Kansas History and Heritage Project-Brown County

Brown County Biographies
Bios From the 1901 Brown County World


A. P. CURL


A. P. Curl was born in Logan county, Ohio, Feb. 28, 1830, and came to Brown county, Kansas, in March, 1879. He has four boys and one girl, all grown and married. He followed farming successfully up to 1893 when he retired and turned the farm over to his son in law, A. A. Ferris. Mr. Curl owns the old George Parker farm, 130 acres, six and one half miles south of Hiawatha, on which is an eight acre grove of Maple trees, one of the finest groves in the county.

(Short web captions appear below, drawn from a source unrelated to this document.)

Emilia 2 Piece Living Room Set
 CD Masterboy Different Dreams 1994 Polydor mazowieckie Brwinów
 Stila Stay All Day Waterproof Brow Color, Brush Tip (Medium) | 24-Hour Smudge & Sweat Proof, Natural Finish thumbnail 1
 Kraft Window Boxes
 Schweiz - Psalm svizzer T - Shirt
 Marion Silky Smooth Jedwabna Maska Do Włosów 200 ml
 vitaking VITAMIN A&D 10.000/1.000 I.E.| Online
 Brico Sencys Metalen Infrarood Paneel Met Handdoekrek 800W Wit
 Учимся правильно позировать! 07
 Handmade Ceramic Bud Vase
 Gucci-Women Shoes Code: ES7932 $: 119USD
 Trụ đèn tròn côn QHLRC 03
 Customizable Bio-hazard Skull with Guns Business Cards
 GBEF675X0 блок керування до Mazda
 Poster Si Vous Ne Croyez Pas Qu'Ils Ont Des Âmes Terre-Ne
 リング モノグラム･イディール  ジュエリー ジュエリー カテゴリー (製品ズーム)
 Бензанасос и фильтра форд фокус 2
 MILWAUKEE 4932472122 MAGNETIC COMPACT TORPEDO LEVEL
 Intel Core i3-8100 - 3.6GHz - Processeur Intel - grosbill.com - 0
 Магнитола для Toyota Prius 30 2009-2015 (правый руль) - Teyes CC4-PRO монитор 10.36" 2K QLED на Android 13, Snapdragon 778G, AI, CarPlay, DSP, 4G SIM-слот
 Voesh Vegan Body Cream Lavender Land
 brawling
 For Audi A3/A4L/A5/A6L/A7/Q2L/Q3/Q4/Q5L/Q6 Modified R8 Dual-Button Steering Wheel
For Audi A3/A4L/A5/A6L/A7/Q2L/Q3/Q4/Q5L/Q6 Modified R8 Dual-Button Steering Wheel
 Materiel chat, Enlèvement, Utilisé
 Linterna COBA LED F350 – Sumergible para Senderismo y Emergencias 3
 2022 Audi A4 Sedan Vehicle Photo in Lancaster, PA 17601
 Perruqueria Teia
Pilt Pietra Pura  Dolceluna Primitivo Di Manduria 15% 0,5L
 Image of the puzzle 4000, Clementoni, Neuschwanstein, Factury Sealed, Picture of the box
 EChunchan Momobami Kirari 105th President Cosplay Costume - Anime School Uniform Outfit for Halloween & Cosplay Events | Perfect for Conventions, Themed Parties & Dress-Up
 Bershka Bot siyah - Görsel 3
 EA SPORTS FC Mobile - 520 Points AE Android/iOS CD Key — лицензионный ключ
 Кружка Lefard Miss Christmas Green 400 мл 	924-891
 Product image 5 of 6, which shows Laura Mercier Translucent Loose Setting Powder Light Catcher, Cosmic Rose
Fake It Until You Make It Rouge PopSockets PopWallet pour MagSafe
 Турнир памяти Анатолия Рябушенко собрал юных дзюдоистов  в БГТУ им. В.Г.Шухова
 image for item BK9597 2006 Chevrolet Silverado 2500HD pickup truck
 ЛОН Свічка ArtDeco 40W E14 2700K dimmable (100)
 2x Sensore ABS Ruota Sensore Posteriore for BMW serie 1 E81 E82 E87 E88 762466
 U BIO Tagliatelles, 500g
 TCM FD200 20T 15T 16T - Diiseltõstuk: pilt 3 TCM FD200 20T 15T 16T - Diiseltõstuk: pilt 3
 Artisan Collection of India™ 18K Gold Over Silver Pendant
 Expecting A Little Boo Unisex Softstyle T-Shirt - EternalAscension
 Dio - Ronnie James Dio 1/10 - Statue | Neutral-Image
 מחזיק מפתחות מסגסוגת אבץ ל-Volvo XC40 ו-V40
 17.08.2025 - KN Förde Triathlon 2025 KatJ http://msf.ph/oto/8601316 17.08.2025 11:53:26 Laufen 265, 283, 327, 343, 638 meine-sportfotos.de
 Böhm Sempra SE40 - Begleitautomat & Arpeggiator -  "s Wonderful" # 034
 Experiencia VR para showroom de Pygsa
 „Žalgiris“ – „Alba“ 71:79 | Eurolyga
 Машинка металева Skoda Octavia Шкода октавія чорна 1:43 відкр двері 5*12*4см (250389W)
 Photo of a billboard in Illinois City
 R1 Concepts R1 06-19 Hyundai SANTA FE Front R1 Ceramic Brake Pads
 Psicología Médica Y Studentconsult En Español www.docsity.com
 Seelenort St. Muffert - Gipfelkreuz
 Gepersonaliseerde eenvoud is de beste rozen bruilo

Mr. Curl has been a useful and influential citizen of Mission township and a good neighbor in his community. He has served two terms as treasurer of the township and several terms as school director. He has always been a Republican in politics. Although raised a Quaker, and still holding his identity with that sect and attending their annual meetings, he is also a member of the Methodist church. Although a retired farmer, Mr. Curl prefers to stay on the farm and live in comfort with his daughter.



CASPER GARDNER


Casper Gardner was born in Shelby county, Indiana in the year 1845. He enlisted in the United States navy in 1863 and served to the close of the war. After the war he settled in Richardson county, Nebraska, where he remained until he came to Brown county in 1878. He was married to Iona Myers in 1880 and they have four girls. The Gardner home is the old Fuller place west of town.



WILLIAM HAUBER


William Hauber was born in Clark county, Indiana, Oct. 31, 1838, his parents having come to America from Baden, Germany three years previously. The family moved to Brown county, Kansas in 1857.


In the fall of 1860, having been brought up a Democrat, he voted for Stephen A. Douglas in the presidential election. Afterward Douglas advised all his supporters to stand by the Union. "No slaves to lose but a country to save." Then Mr. Hauber enlisted in the war and has voted the Republican ticket ever since. He enlisted in the regular United States service in 1862 and served his country faithfully until the war closed and then he came home to Kansas. He farmed around until 1868 when he bought the 100 acre tract of Indian land where he now lives, a few miles southeast of Hiawatha. Mr. Hauber was married to Miss Lizzie Maglott on April 3, 1870, and they have seven children, all boys, and five of them are Republican voters, and the other two will be when old enough. Mr. Hauber not only owns his fine residence place, well fixed and stocked, but also a fine 200 acre farm of rich Mission township land. Mr. Hauber is a member of the G.A.R.